La maîtrise du risque, enjeu crucial pour toute entreprise
Dès lors que l’irresponsabilité politique fondée sur le clientèlisme à grande échelle et un égalitarisme forcené engendre la pauvreté économique, il ne faut pas s’étonner si les piliers de la société finissent par vaciller. Ces piliers ont pour nom liberté et fraternité qui forment ensemble un terme unique, la solidarité, car nous ne somme jamais libres seul, et il n’existe pas de fraternité sans liberté, sauf à projeter la création d’une société collectiviste et totalitariste. Audiard nous apprend avec l’élégance du rire qu’en économie comme en univers de truands, tout est affaire de confiance, de loyauté et de détermination. Et pour qu’il y ait confiance, il fait que les règles du jeu soient stables, connues à l’avance et partagées, c’est à dire qu’une égale information soit donnée à tous : sans confiance, pas de croissance !
Le séminaire d’entreprise permet le partage d’expériences et échanges de vue.
Très cher AV,
Dans les merveilleux dialogues de Tonton Audiard, on pourrait détourner cet échange pour illustrer un sentiment très répandu chez les braves contribuables immobilisés sur le territoire national, celui de se faire avoir.
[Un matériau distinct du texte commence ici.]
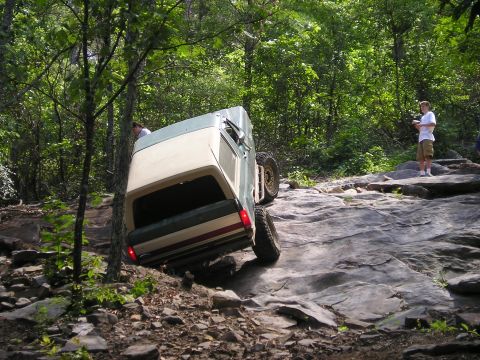 1989 Ford Bronco - This 1989 Ford Bronco is navigating a challenging rocky terrain during an off-road excursion.
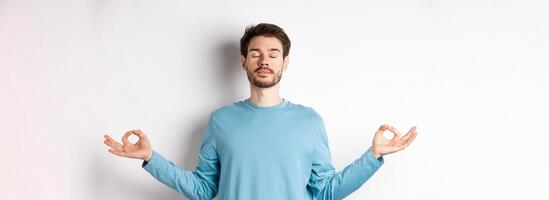 Young man trying to relax in meditation, standing calm with stretch out hands in zen mudra gesture, practice yoga on white background photo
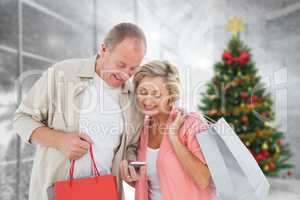 Composite image of couple with shopping bags and smartphone
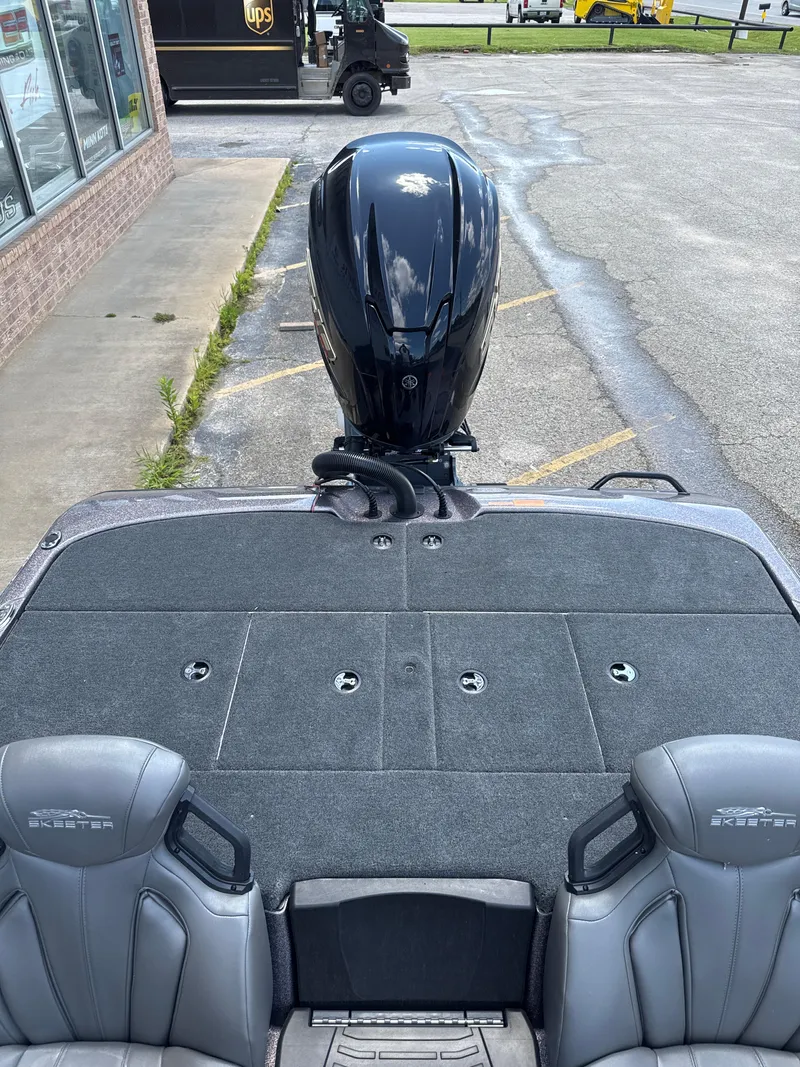 Slide: The Image of 2025 Skeeter ZXR21SE boat interior with motor, parked near a delivery truck. - 26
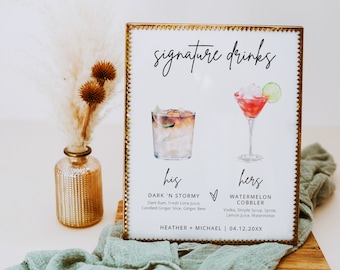 May include: A gold framed sign with the words "signature drinks" at the top. The sign lists two cocktails, one labeled "his" and the other labeled "hers". The "his" cocktail is called "Dark 'N Stormy" and the "hers" cocktail is called "Watermelon Cobbler". The sign also includes the names "Heather + Michael" and the date "04.12.20XX".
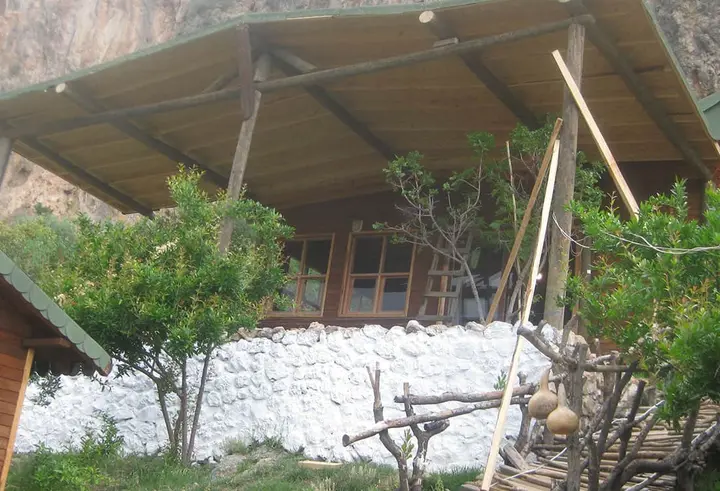 Wooden building above a whitewashed stone wall with a fruit tree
MONSIEUR SAPIN : Tu va voir que c’est pas possible, j’ai adopté le système le plus simple, regardes ! On prend les chiffres de l’année dernière, et on les reporte.
Le contribuable : L’année dernière, on a battu des records !
MONSIEUR SAPIN : Et bien vous les égalerez cette année ! Vous avez l’air en pleine forme là ? Gais, entreprenants, dynamiques …
J’ai l’impression que le ministre n’est pas convaincu qu’en matière de matraquage fiscal lui et ses complices ont battu les records. Et tant qu’un contribuable est vivant, il est suffisamment en forme pour casquer. Même quand il décède, l’administration fiscale ne l’oublie jamais.